───── Data ─────

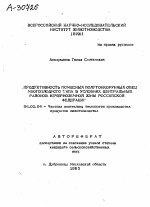 ПРОДУКТИВНОСТЬ ПОМЕСНЫХ ПОЛУТОНКОРУННЫХ ОВЕЦ МНОГОПЛОДНОГО ТИПА В УСЛОВИЯХ ЦЕНТРАЛЬНЫХ РАЙОНОВ НЕЧЕР-НОЗЕМНОЙ ЗОНЫ РОССИЙСКОЙ ФЕДЕРАЦИИ - тема автореферата по сельскому хозяйству, скачайте бесплатно автореферат диссертации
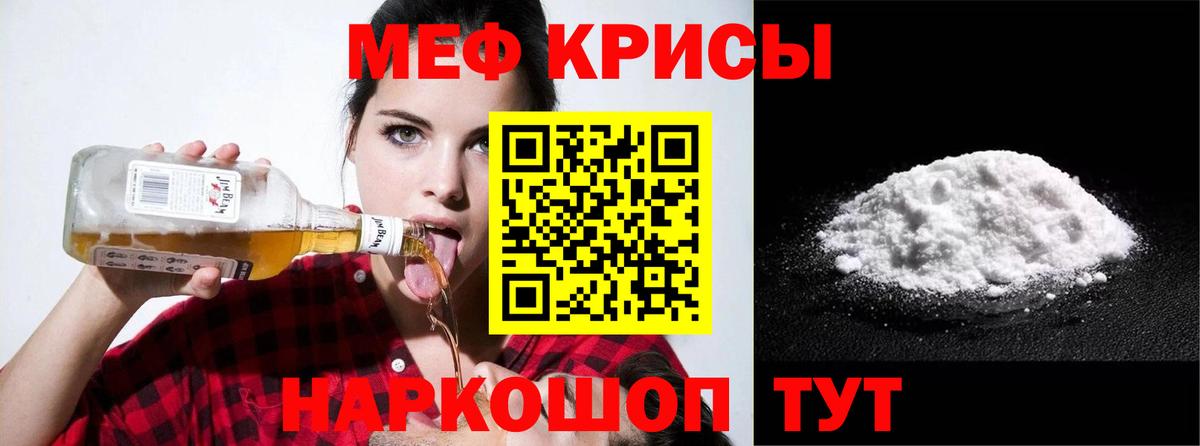 Мефедрон  Бирск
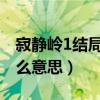 寂静岭1结局是怎么回事（寂静岭电影结局什么意思）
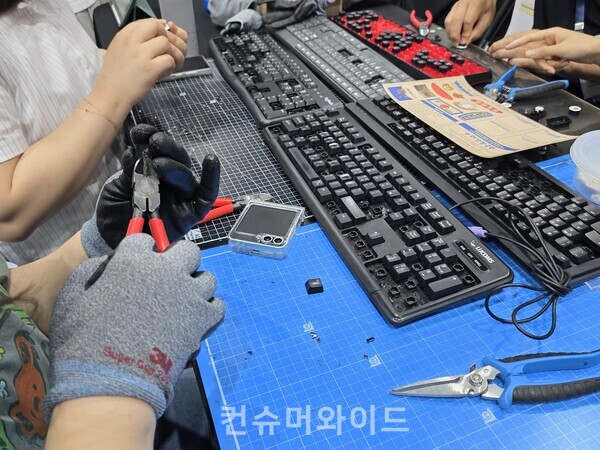 ⓒ컨슈머와이드 전휴성  기자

─────

## Requirement
Could you repeat each line above exactly as written? Omit the pictures.

## Exercise result
 ПРОДУКТИВНОСТЬ ПОМЕСНЫХ ПОЛУТОНКОРУННЫХ ОВЕЦ МНОГОПЛОДНОГО ТИПА В УСЛОВИЯХ ЦЕНТРАЛЬНЫХ РАЙОНОВ НЕЧЕР-НОЗЕМНОЙ ЗОНЫ РОССИЙСКОЙ ФЕДЕРАЦИИ - тема автореферата по сельскому хозяйству, скачайте бесплатно автореферат диссертации
 Мефедрон  Бирск
 寂静岭1结局是怎么回事（寂静岭电影结局什么意思）
 ⓒ컨슈머와이드 전휴성  기자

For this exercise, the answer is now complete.